Occasionally a strange day will just sneak up on you. Last week I had such a day and only now, after a few hearty meals, some good nights of rest, and more than one cold shower, am I ready to write about it.
It all started when I was doing my morning sweeper route. The very last car on my route was from out of state. I won't say where so as to save that state, a state I've been to and admire, a lot of embarrassment. The vehicle in question was TEN YEARS out of registration. I didn't mean to shout back there, but in my ten years of doing this job, I've never seen a vehicle that delinquent. Now obviously, this person drove the car here to California recently with the full intention of registering it here and being a good citizen. Either that or they were just trying to get over on the system. Either way, after pushing my eyeballs back into my head, I had the vehicle towed away. The mind reels (well, mine does anyway - and frequently) at the cost in penalties, towing, fines, and other charges this person has racked up because they made the mistake of leaving their car where it shouldn't have been. After all, if it had been on the other side of the street, I would have driven by and not even noticed it. Mistakes can be costly as we can see.

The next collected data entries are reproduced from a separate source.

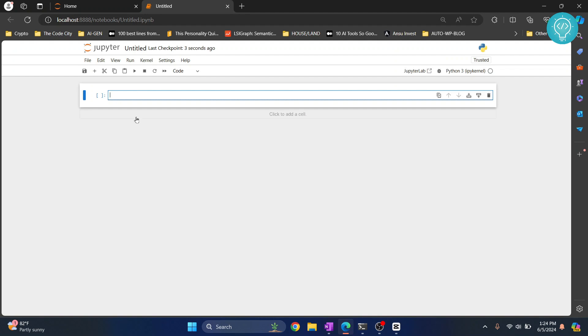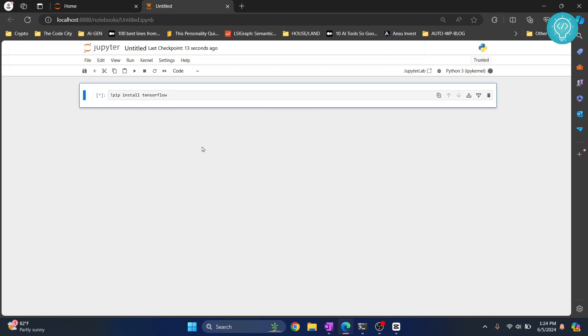To install TensorFlow just enter this command: exclamation mark and then pip install TensorFlow. Hit ctrl+enter to execute this. This asterisk here shows that this command is executing and once this is done the output will be shown below this cell.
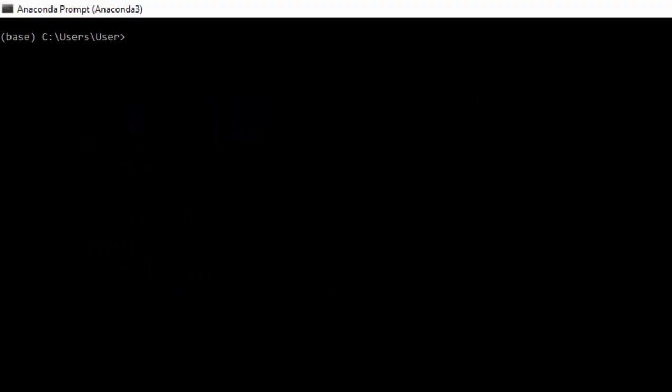We're back in our command prompt and we want to learn how to install packages. So if you look at your prompt, you will be able to discern what environment you are in. And let's quickly review that we want to use an environment that is specific for what we are trying to do. So you can create as many as you want, remember. And we activate our environment by just typing in conda activate and then the environment name. I'm going to use PowerBI. And now we are in that environment.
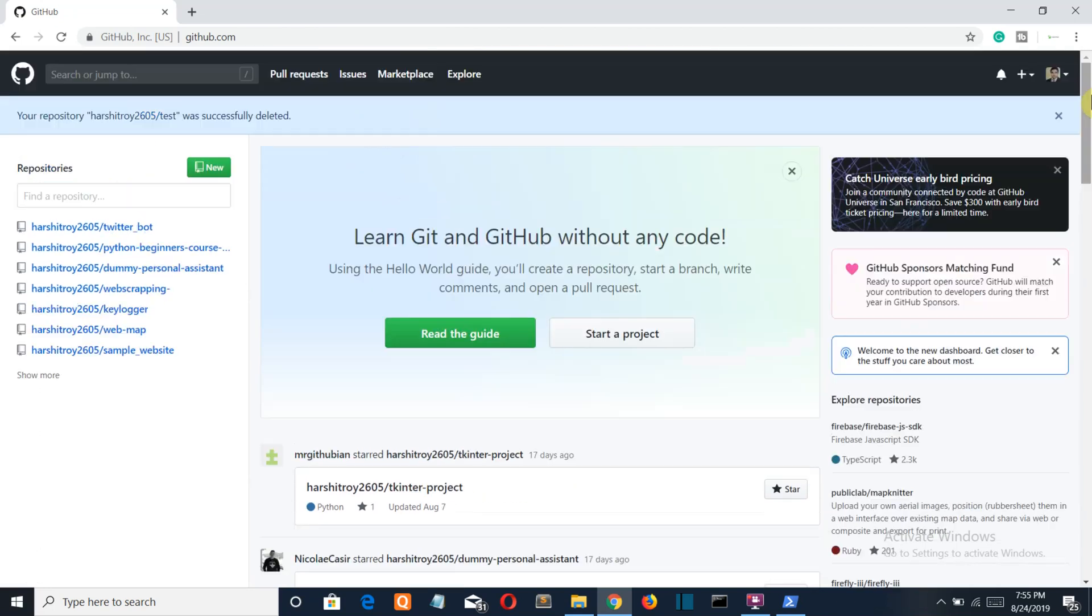So this was a very short video of how to create a GitHub repository and how to upload the local files on your GitHub repo using the command prompt. So this is it and I'll meet you in my other projects. Bye-bye.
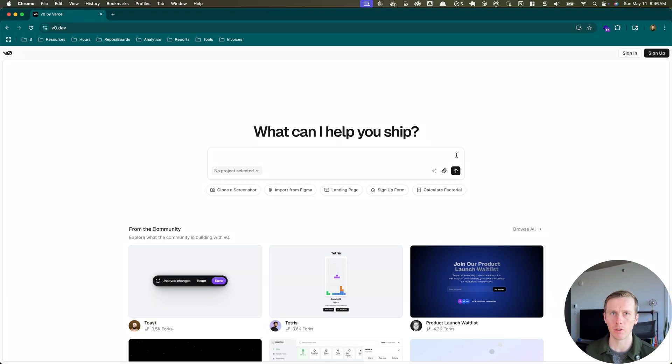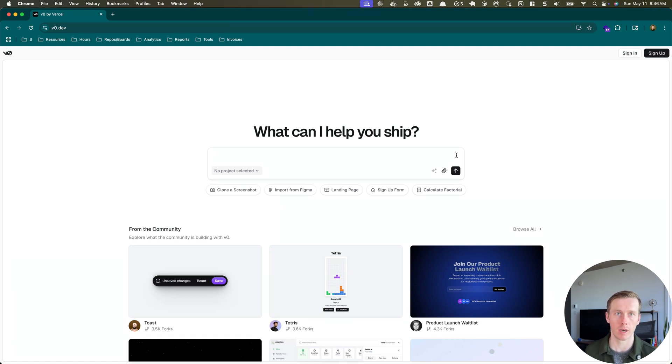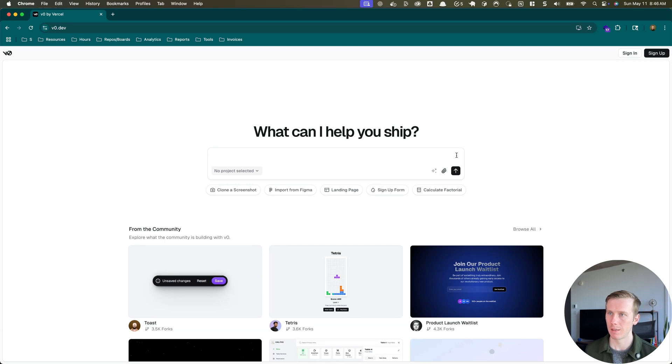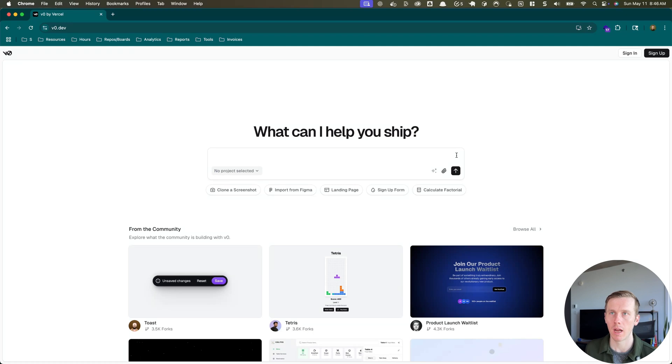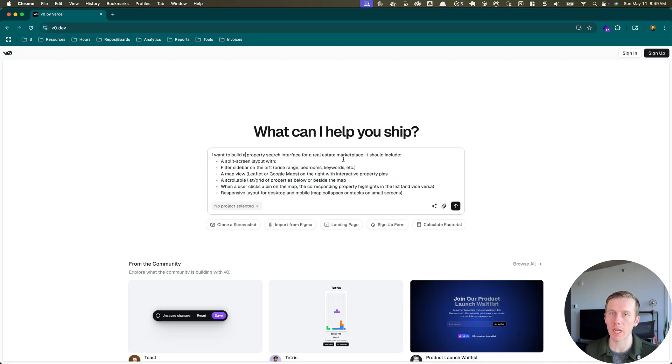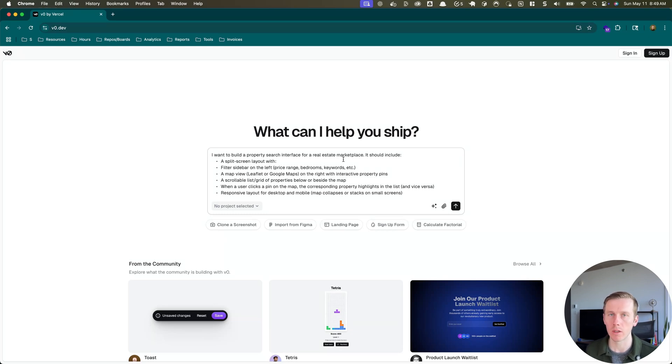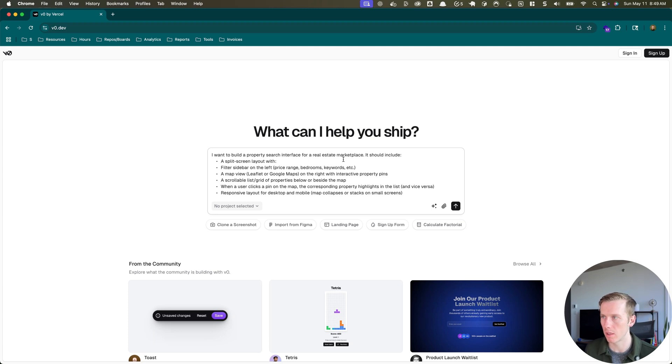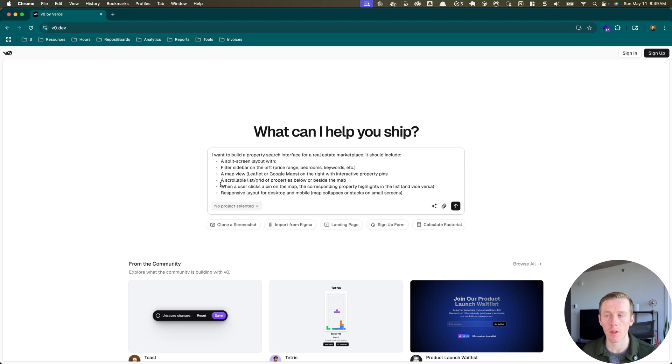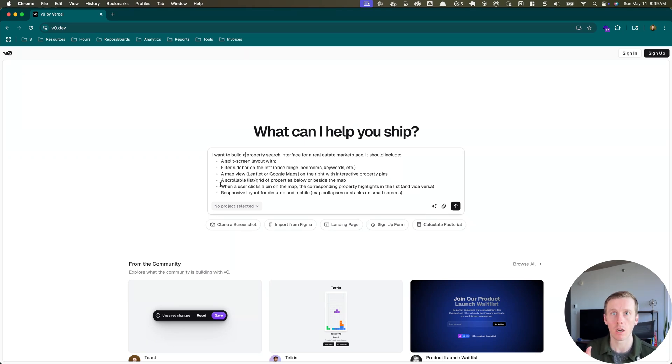I have a request from a client to build a marketplace for real estate properties that we're going to have listed. I already have a backend for this, but I don't know if I'll connect the backend today. Really want to see what it comes up with by default, if it's going to include a backend or we need to prompt it. Let's work on our prompt first. I want to build a property search interface for real estate marketplace. It should include a split screen layout, filters on the left for price range, bedrooms, keywords, a map view, scrollable list on the right with the properties. When a user clicks on the pin, the map property should highlight in the list, a card should open in the map, and then it needs to be responsive.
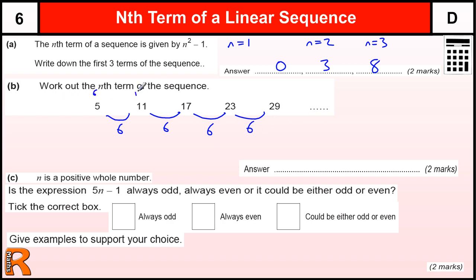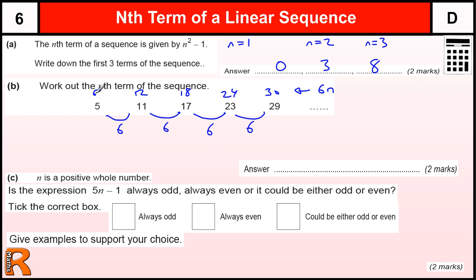That means this sequence is based on the 6 times table. If I write the 6 times table just above these numbers, you should be able to spot the connection. So that's 6 lots of n: 6 times 1, 6 times 2, 6 times 3, 6 times 4. And what we've got to do to get from the 6 times table to our sequence is take away 1 — and that's the same for all of them. You must check a few to make sure. So this sequence is 6n minus 1.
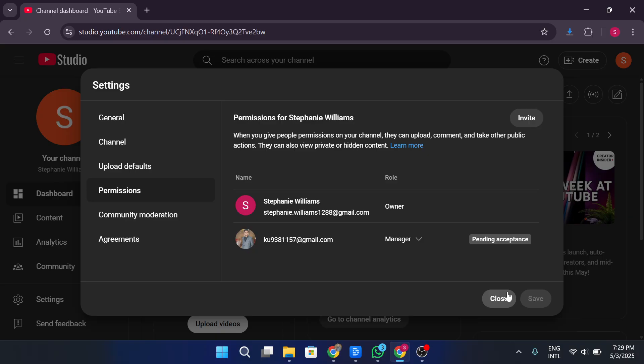Now, if you're ready to make that person the primary owner, click the drop down arrow next to their current role, and select primary owner. Then click transfer. But here's an important note.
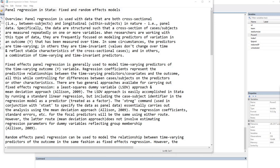In this video, I'm going to cover panel regression in Stata — fixed effects and random effects models. Panel regression is used with data that are both cross-sectional, that is, between subjects, and longitudinal in nature — that is, panel data. Specifically, the data are structured such that a cross-section of cases are measured repeatedly on one or more variables.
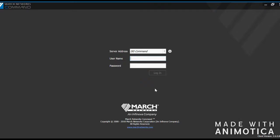In this video, you will learn how to use March Network's command client. Upon opening the software, you will be prompted to log in.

After that, the day got weirder. I heard a call go out to the police about a pig (yes, a real one - be careful now) that was running amok in the street. This type of call is most unusual as we don't get a lot of pigs doing this. Most of our pigs are quite well-behaved, thank you very much. Listening to the police chatter about it on the radio was amusing, but I'm just glad the pig was not illegally parked or I might have been called to the scene. I can only handle a pig if it is sliced into bacon and put on a cheeseburger.
Later in the day, another strange call came in. This time I happened to be in the office doing some paperwork (oh, the drudgery of it all), and a blind woman called to complain about loud squirrels that were at her window taunting her. .... I'm going to let you sit with that last sentence for a while. ........
Okay, we're back. I don't know what she expected the police to do about this. The last squirrel arrest on record was way back in '42 and that wasn't for taunting, it was for nut stealing. Make your own joke, if you must. I suppose there were many ways for this woman to handle what was for her, obviously, a difficult situation, all of them better than calling the cops.
You would think that I was through with animals for the day but it was not to be. I got a call from my wife in the afternoon. She was at a clothing boutique with her daughter (my step-daughter) and wanted me to come by right away. Thinking there was some kind of clothing choice emergency, I sped there as only a police vehicle can speed through town. When I went inside, they just wanted to show me that the proprietors of the place had kittens for adoption. A cruel trick. Kittens are hard to resist, but I was forceful (you should have seen me). I put my foot down. Thankfully not on one of the kittens. What a day, what a day.